Lager finden entweder als reine Gruppenlager oder häufig auch als Stammeslager statt. Stammeslager ermöglichen den Pfadfinder*innen aus dem geschützten Rahmen der kleinen Gruppe heraus das Leben in der Großgruppe kennen zu lernen. Dazu gehört beispielsweise die Rücksichtnahme auf andere Gruppen, das Kennenlernen von Stammesstrukturen sowie die Übernahme von Vorbildfunktionen für Jüngere.“
Fahrt
Wenngleich auch schon in der Pfadfinder*innenstufe kürzere Fahrten am Wochenende oder vom Lagerplatz aus angeboten werden, meist in Form eines Hajks – einer Wanderung mit leichtem Gepäck, häufig mit einer konkreten Aufgabe verbunden, ist die Fahrt eine zentrale Methoden der Ranger*Roverstufe.

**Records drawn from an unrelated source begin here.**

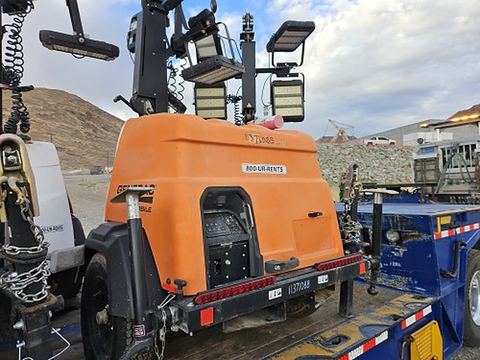 2022 GENERAC MLTS-4 Light Tower,0-3Kw Led Vert Mast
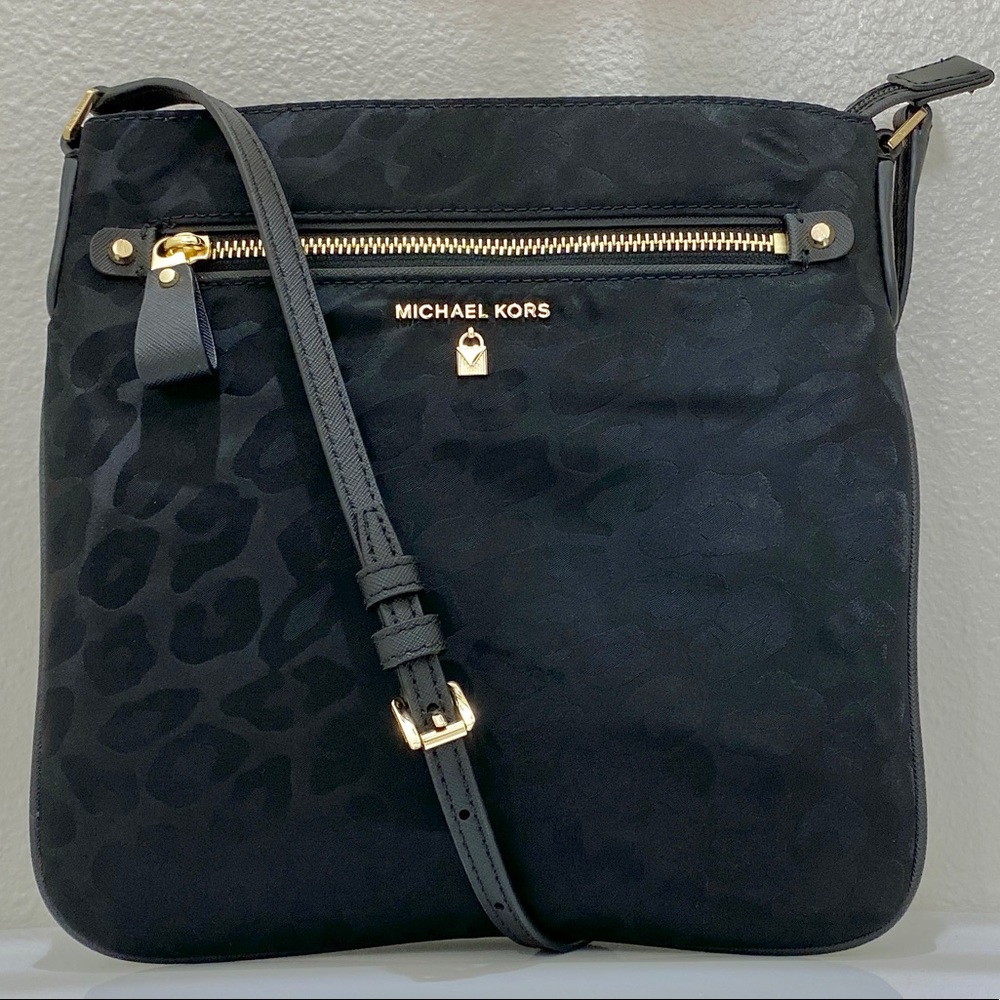 KORS Michael Kors Black Crossbody Bag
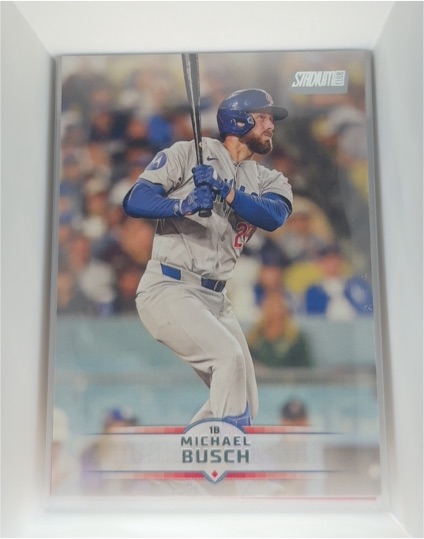 2025 Topps Stadium Club #3 Michael Busch — front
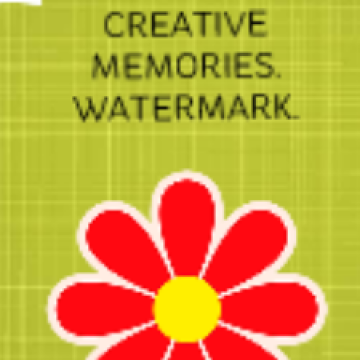 Blue Red Brown Hearts - CREATIVE MEMORIES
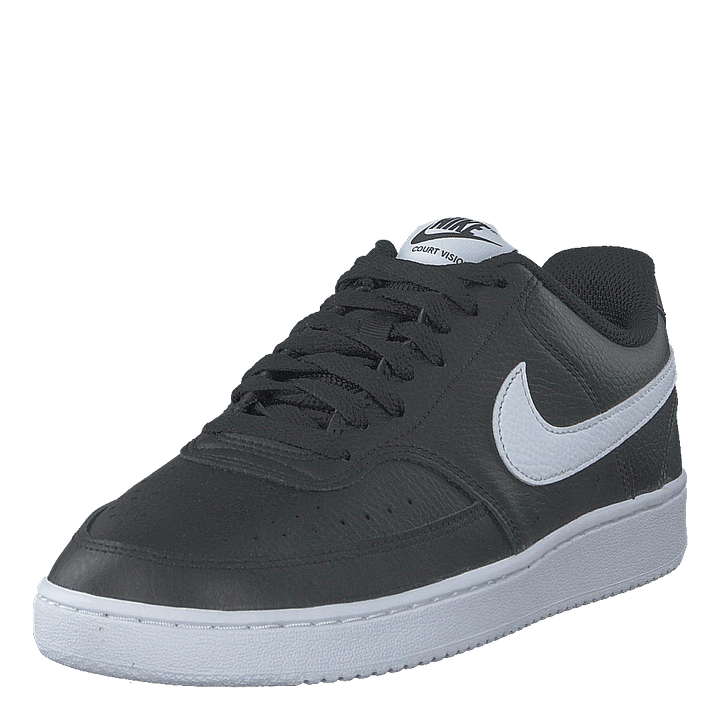 Court Vision Low Women's Shoes BLACK/WHITE
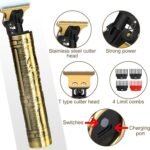⁦T-Style Zero-Gap Precision Hair & Beard Trimmer⁩ - الصورة ⁦3⁩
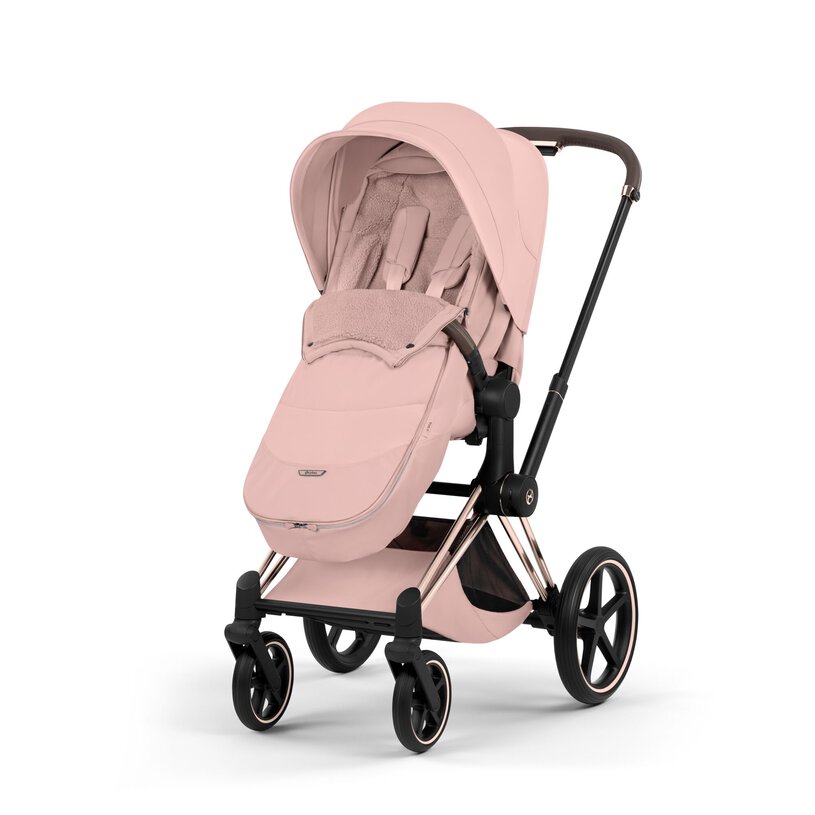 Platinum Fotmuffe, peachpink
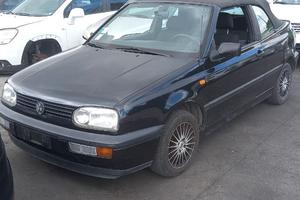 Vendiamo ricambi per golf 3 cabrio 1995 benzina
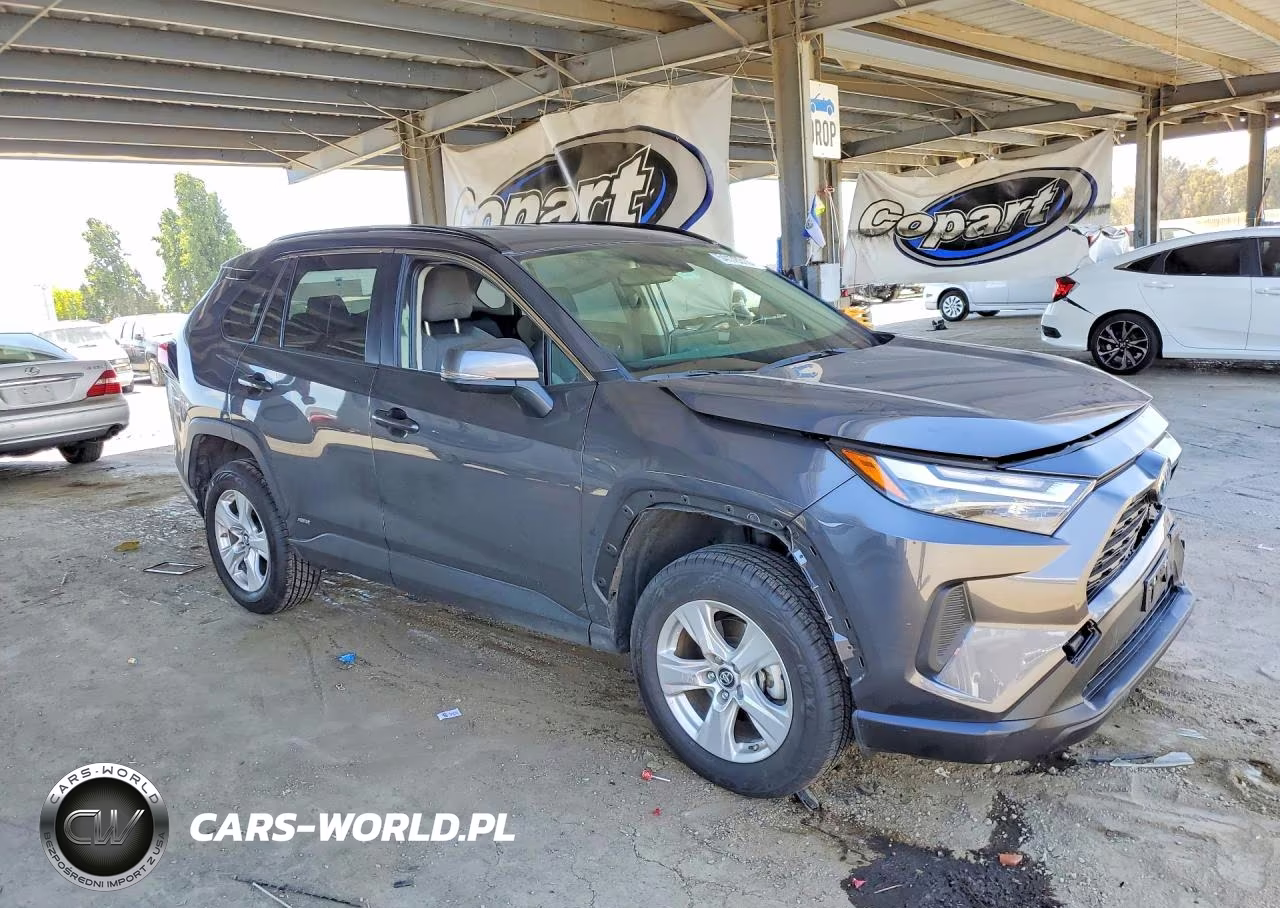 2024 Toyota Rav4 Hybrid Xle VIN:JTMRWRFV0RJ058355 - 4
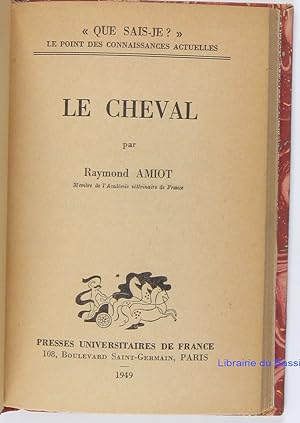 Le cheval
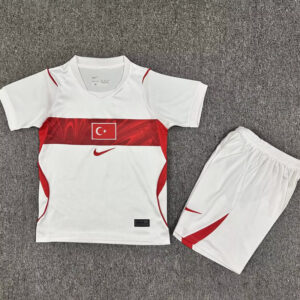 Turkey 2026/27 Home Jersey – Kids Version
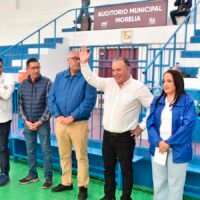 Carlos Quintana Martínez durante el pronunciamiento sobre el asesinato de un migrante mexicano en Estados Unidos.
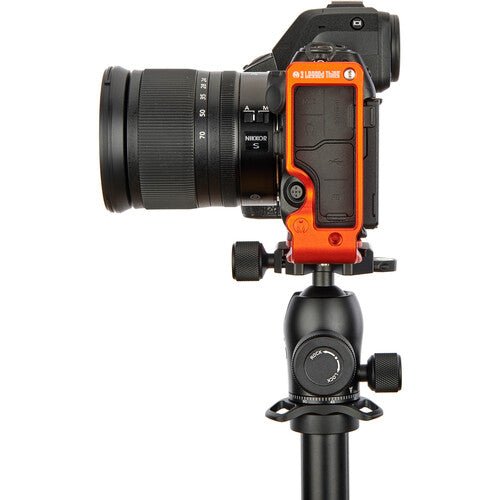 3 Legged Thing Zooey QD L Bracket for Nikon Z8 (Copper) - Quick Release Camera Mount for Photography & Videography - Perfect for Landscape, Portrait, and Studio Shooting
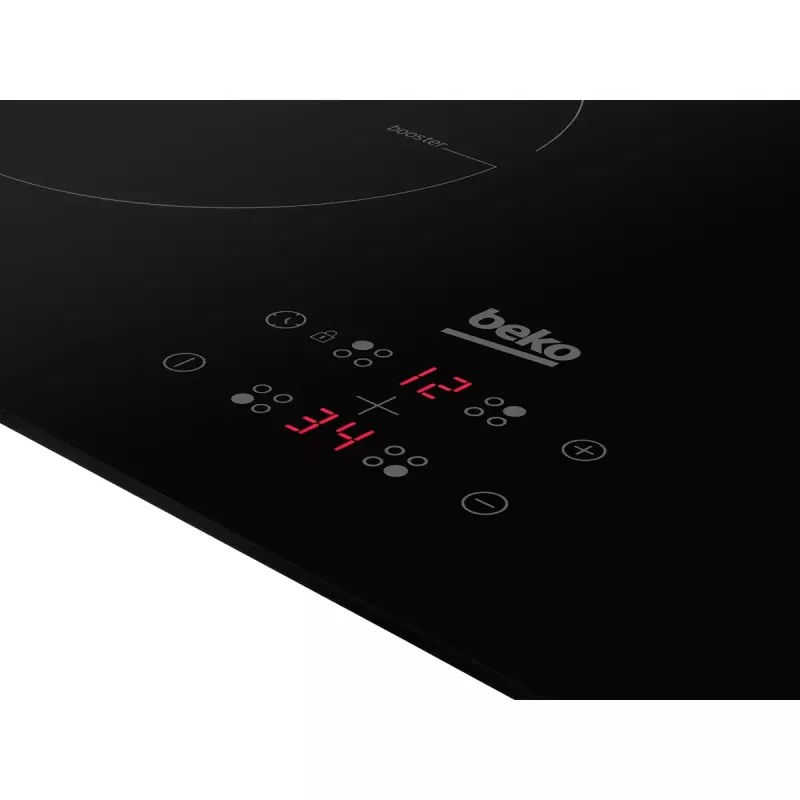 Beko HII 64400 MT įmontuojama indukcinė kaitlentė 60 cm juoda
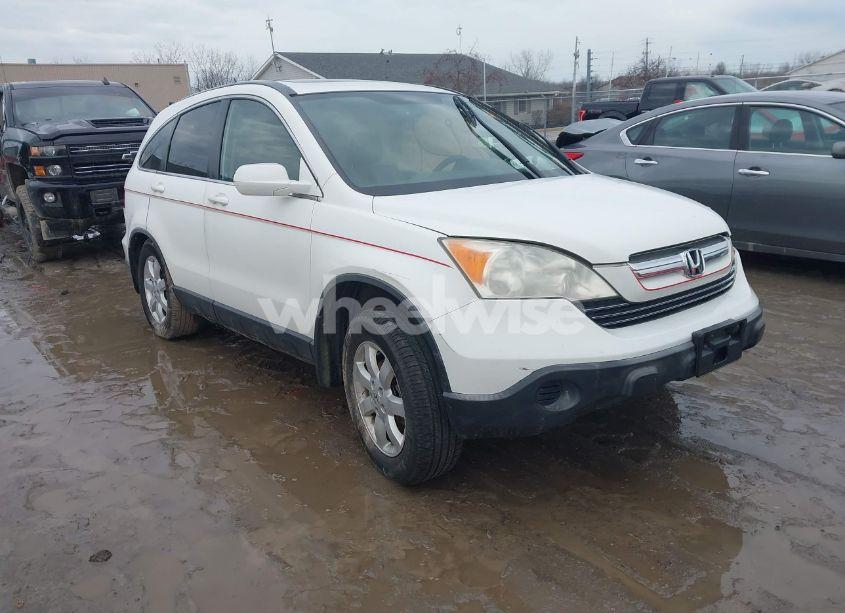 2007 Honda Cr-v EX-L (VIN JHLRE48797C011303) main photo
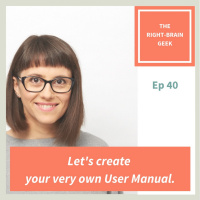 40 - Lets create your very own User Manual.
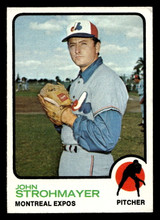 1973 Topps #457 John Strohmayer Excellent+  ID: 460913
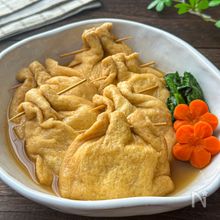 ジュワッともちもち♪【餅巾着】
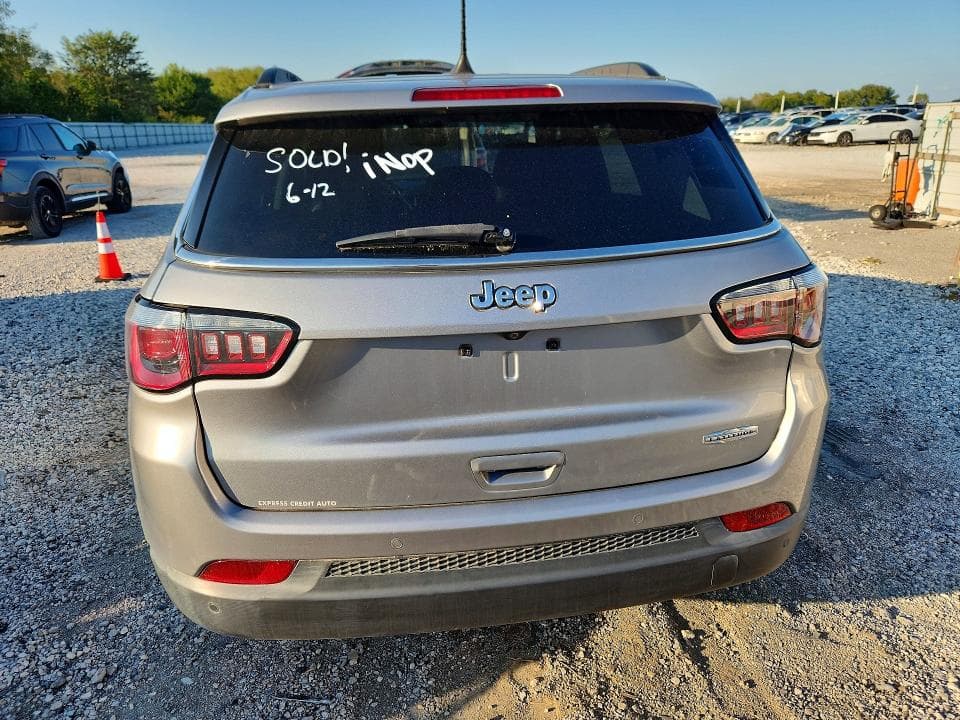 2018 JEEP COMPASS LATITUDE 6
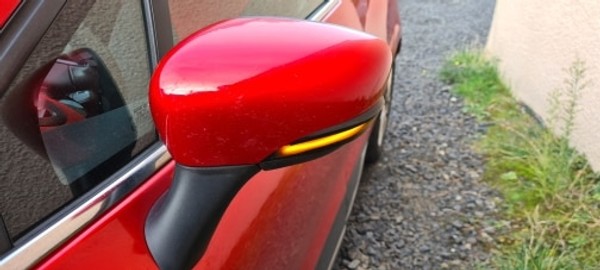 Répétiteurs RÉTRO LED DYNAMIQUE DÉFILANT Clio 4 Clio IV - Renault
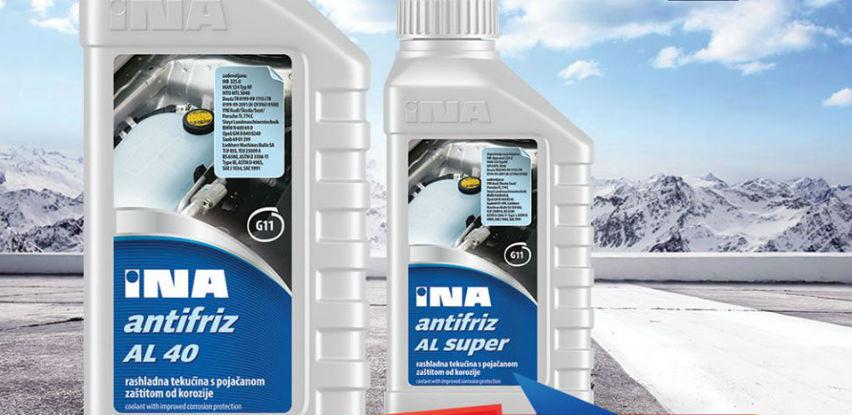 Zima bez briga uz INA antifriz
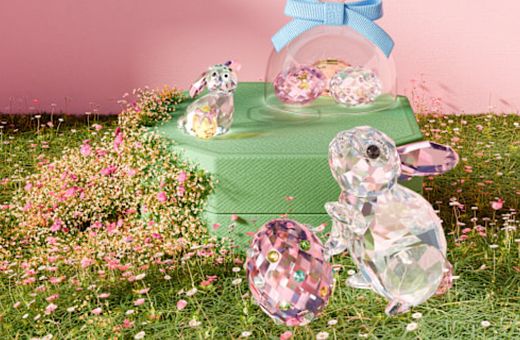 Swarovski | Have An Egg-Stra Sparkly Easter With Swarovski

„Eine Fahrt zeichnet sich dadurch aus, dass die Gruppe nicht an einem festen Ort bleibt, sondern unterwegs ist. In der Regel schläft die Gruppe dabei jede Nacht woanders und wo man nächtigt, stellt sich häufig erst im Laufe des Tages heraus. Gruppen auf Fahrt haben anders als auf einem Lager keine Infrastruktur und auch keinen Ausgangspunkt für Programm und Aktionen. Fahrt hat dabei nichts mit ‚fahren‘ zu tun: Eine Gruppe auf Fahrt kann zu Fuß, per Rad, Kanu, Inlineskates, Skiern, Draisine oder auch ganz anders unterwegs sein.
Im Rucksack führt man die nötige Ausrüstung (Zelt, Klamotten, Lebensmittel, Werkzeug) mit sich und hat im besten Fall nur das Nötigste dabei, um das Gewicht so gering wie möglich zu halten.
Noch mehr als auf einem Lager heißt ‚auf Fahrt gehen‘: Die gewohnte Umgebung zu verlassen, neue Horizonte zu entdecken, sich aus eigener Kraft fortbewegen. Auch wenn die Fahrt ein festes Ziel hat, so plant die Gruppe nur von Tag zu Tag, um die Route und die Etappen der aktuellen Situation anzupassen, zum Beispiel aufgrund von Wegsperrungen, Witterungsverhältnissen oder dem Konditionszustand der Teilnehmenden.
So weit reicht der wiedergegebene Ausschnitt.